To document your changes in the core-dev api docs, run the following.

composer document

Application

To contribute to the application boilerplate, follow the following steps to get started.

  1. Fork this repository to your own github profile.
  2. Clone the forked repository.
  3. Run composer install to install all dependencies.
  4. Start making your changes or adding your new features.

Final Steps.

When you're done making your changes on either projects, it's time to make your PR(pull request).

  1. Add your changes to the commit history using git add changed_file_here
  2. Add a clean, intuitive commit message that clearly describes what you changed. If you're resolving an issue, please define the issue you're solving using the command git commit -m "your_message_here"
  3. Push your changes to your fork.
  4. Make a pull request to the main repo attaching a clean PR message.

The core maintainers will review your codebase and advise on how to follow up.

Improving The Documentation

If your changes are in the core framework, make sure to run the command composer document so that your changes can reflect in the api documentation. API documentation follows and uses phpdocumentor. Therefore, you need to equip yourself with the package documentation syntax.

This documentation is meant for only core-developers. however, your changes need to reflect in the public official docs.

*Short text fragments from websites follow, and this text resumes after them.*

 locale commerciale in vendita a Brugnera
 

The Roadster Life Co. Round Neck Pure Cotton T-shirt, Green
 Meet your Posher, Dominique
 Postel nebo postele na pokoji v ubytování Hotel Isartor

Public docs can be contributed to directly here in github. After making your changes, make a PR. Netlify will provide for you a temporaly review url for your PR which you can visit to see how your changes will look like once deployed.

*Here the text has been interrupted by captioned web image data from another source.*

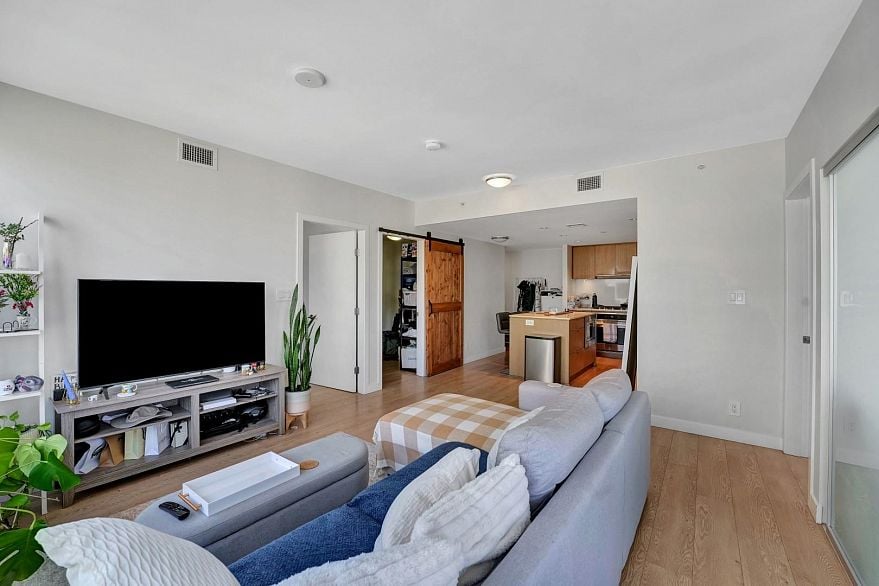 1510 111 E 1st Avenue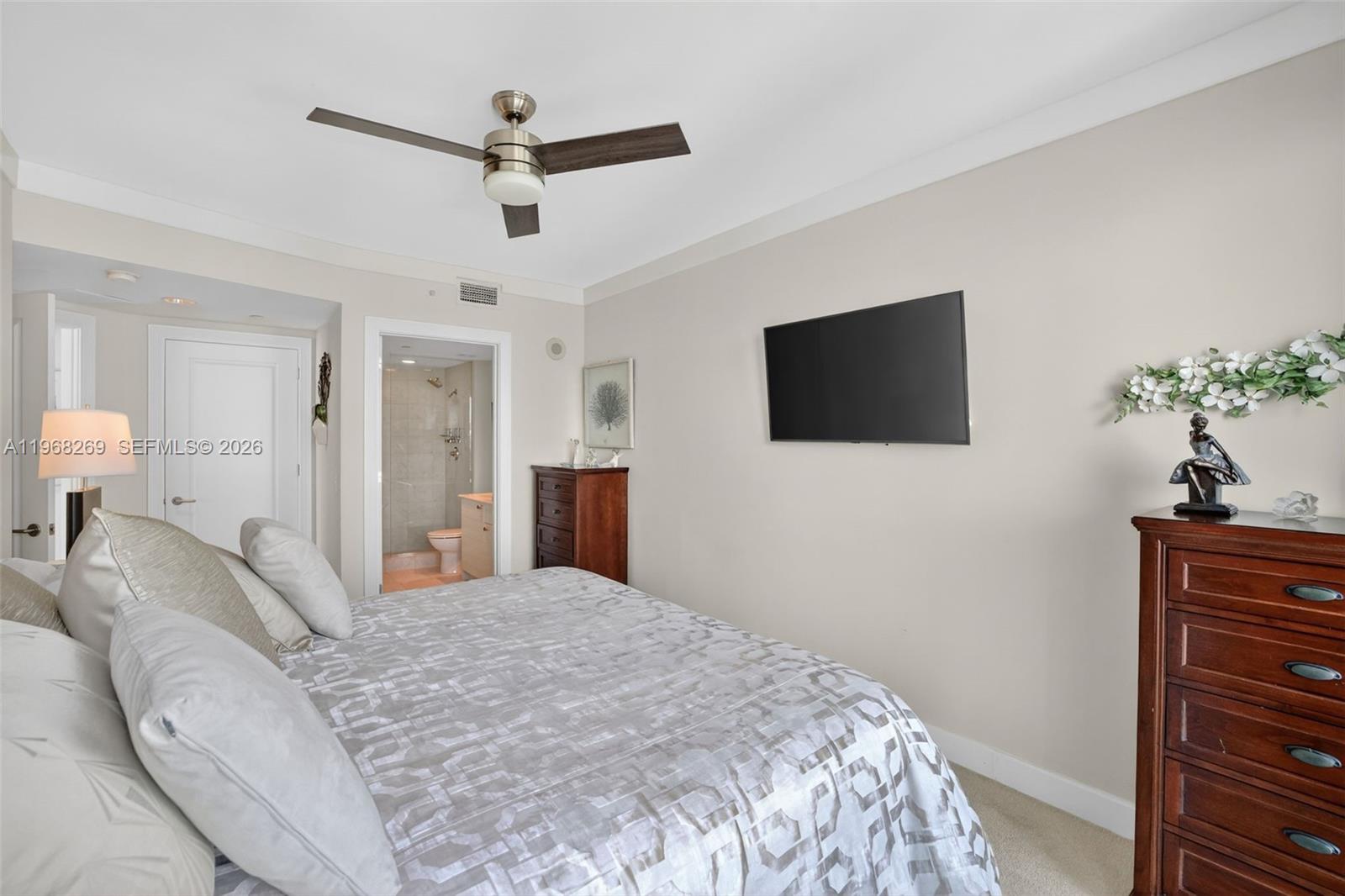 LE CLUB INTERNATIONAL - Residential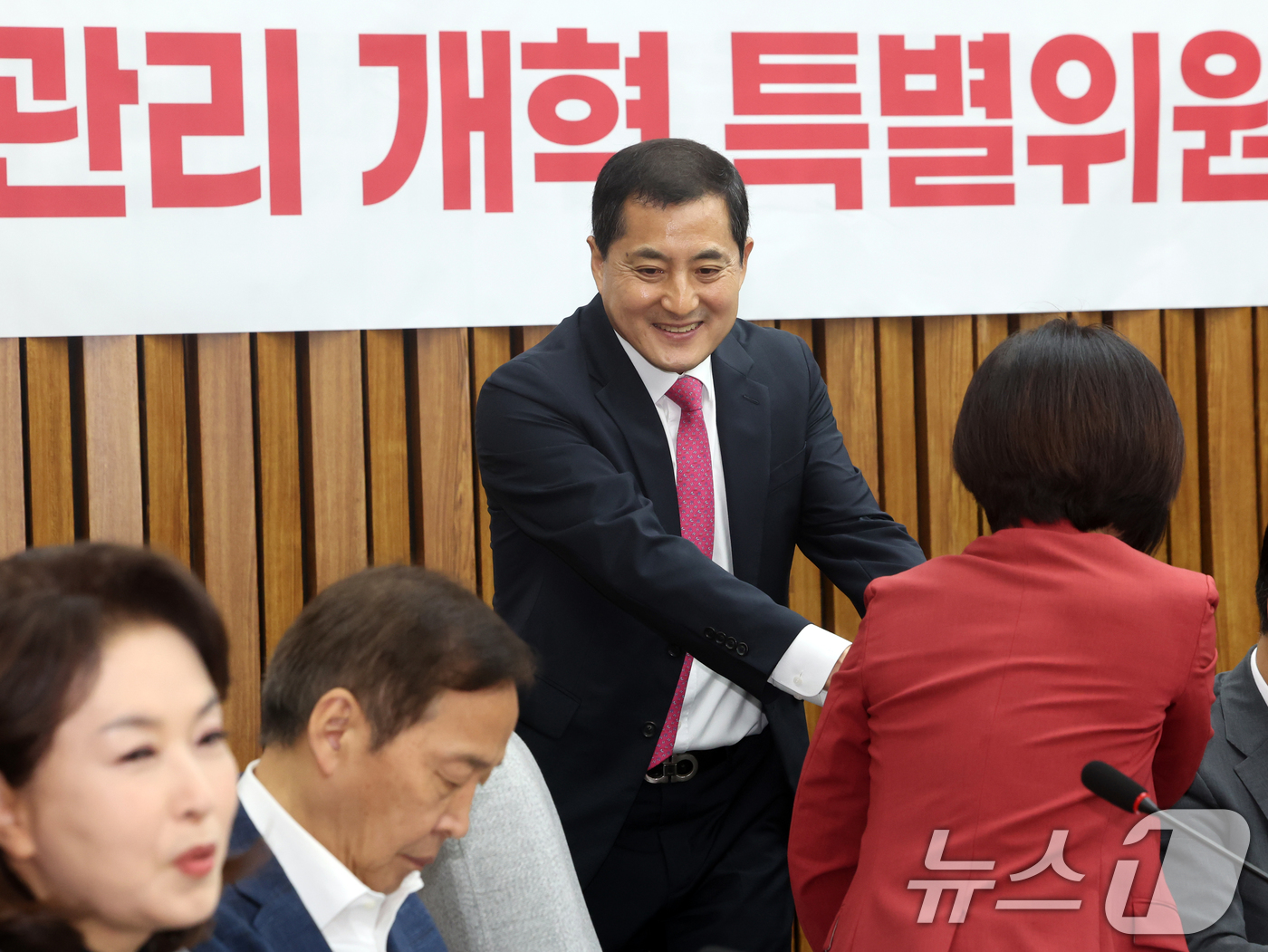 (서울=뉴스1) 황기선 기자 = 박대출 국민의힘 선관위 개혁특위 위원장이 7일 오전 서울 여의도 국회에서 열린 '6.3 국민참정권 침해 진상규명 및 선거관리 개혁 특별위원회 2차 …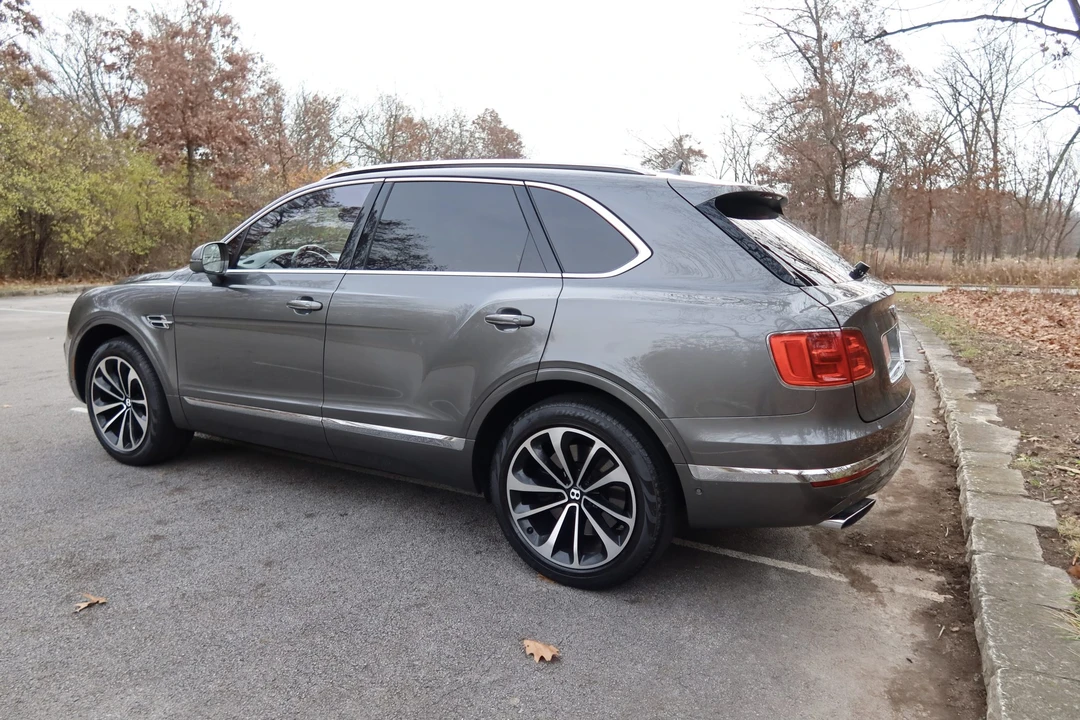 2017 Bentley Bentayga - Image 28 of 31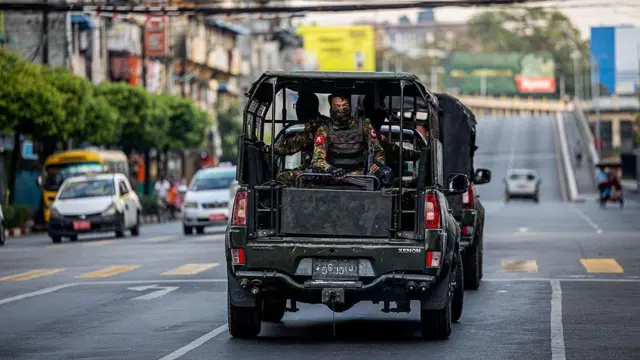 ရွေးကောက်ပွဲနေ့မှာ လုံခြုံရေးကင်းလှည့်နေတဲ့ စစ်သားတွေ 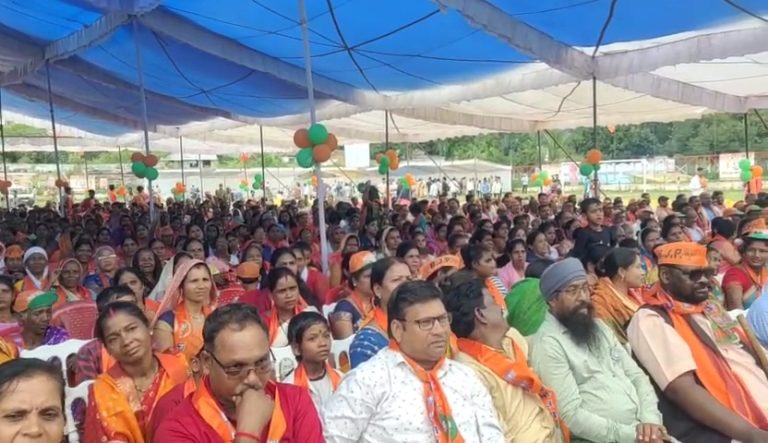 भाजपा की परिवर्तन यात्रा चिरमिरी के डोमनहिल पहुंची  पांच साल भूपेश सरकार ने छत्तीसगढ़ को लूटने का काम किया : ओ पी चौधरी*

However, we advise you to setup the docs repo locally following the steps.

Requirements

  1. Git
  2. Hugo - setup Hugo here
  3. Package manager of your choice preferably npm or yarn
  4. Nodejs atleast 20+
  5. IDE or editor of choice

Steps to set up the environment locally.

  1. Fork the repository to your profile
  2. Clone the repository locally.
  3. Install dependencies by running yarn install
  4. Add your changes in the content directory.
  5. Add your changes to the git history, commit and push them to your fork.
  6. Make a pr to the main repo, clearly defining the changes you made.

Styleguides

All PHP repositories follow the PSR-12 - Extended Coding Style to maintain a clean codebase and all contributors MUST adhere to this.

Whereas the docs use markup languag, developers are advised to maintain a coherent coding standard following the existing format. For further guidance on the docs - please visit the doks documentation on how to author clean content in the documentation

Commit Messages

Commit messages should be fully descriptive and intuitive to guide the maintainers on exactly what was added, or updated in the incoming commit change.

Example

git commit -m "update:- Added support for XXX in XXX.xxx that fixes #issue_number_or_problem_at_hand".

To come up with thoughtful commits, consider the following:

  1. Why have I made these changes?
  2. What effect have my changes made?
  3. Why was the change needed?
  4. What are the changes in reference to?

Further example on good and bad commits.

# bad commit
git commit -m "added a margin"

# good commit
git commit -m 'Add margin to nav items to prevent them from overlapping the logo'

You can also read through this article to also look at creating conventional commit messages that are more standard and easy to understand by future readers.